This morning I want to speak to the question of the relationship between Jesus, who was God the Son, to the One to whom He prayed, to God the Father.
What does it matter to understand this, you may wonder. Is this just another word-game? Or does it matter for some practical reason? I believe it matters for very practical reasons.
First, perhaps is that to think about this is to elevate our minds and hearts simply by focusing on Jesus. If all you and I think about is the day to day grind of life, stuff about home, about work, about money, about sports, about our health, about who said what to whom, about what we’re going to do when we grow up or retire, or the like, then our lives will focus only on our own little world. And you and I are reduced as people. We become small.
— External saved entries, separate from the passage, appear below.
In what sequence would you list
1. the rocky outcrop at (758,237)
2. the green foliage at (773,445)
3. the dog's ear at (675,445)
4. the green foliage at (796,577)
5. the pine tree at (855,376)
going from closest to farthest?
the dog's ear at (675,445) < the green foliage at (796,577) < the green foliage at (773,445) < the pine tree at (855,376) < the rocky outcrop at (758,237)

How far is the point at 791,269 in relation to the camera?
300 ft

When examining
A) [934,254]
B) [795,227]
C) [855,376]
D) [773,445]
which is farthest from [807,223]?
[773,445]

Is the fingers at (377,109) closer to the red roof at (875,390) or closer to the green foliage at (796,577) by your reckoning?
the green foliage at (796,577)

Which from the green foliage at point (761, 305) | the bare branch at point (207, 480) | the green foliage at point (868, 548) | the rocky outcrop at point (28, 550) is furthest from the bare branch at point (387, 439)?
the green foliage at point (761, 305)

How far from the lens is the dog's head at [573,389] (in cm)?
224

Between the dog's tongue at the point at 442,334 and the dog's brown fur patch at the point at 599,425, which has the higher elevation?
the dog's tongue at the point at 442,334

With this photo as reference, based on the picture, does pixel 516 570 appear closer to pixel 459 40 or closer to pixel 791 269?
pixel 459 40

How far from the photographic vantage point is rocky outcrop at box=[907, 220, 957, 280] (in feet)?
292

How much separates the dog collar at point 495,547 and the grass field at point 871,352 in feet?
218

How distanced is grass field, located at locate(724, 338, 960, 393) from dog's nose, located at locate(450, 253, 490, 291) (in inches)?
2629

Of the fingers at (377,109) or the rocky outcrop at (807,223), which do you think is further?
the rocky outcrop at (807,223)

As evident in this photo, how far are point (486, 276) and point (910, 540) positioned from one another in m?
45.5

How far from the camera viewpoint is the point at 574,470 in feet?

We become larger by thinking of Jesus. It’s part of loving God to think about Jesus. We become in some small way consciously a part of God’s enterprise when we expose our minds deliberately to God.
But there is more to thinking about Jesus than this. I use the name Jesus and God interchangeably on purpose. Our faith needs to know it has a sure anchor in truth. Truth may not be entirely within our grasp when it comes to matters about God, that is, God is much greater than we can understand. But what we do understand we want to be true. And we have to work to try to understand what is true about the big stuff.
The reason why Sunday School matters, why such activities as Confirmation class for young people matters, and why Inquirer’s Class for membership matters, and Bible studies matter is that we are training our minds to think about the “big stuff.” It’s not beside the point that we also get to know and care for each other.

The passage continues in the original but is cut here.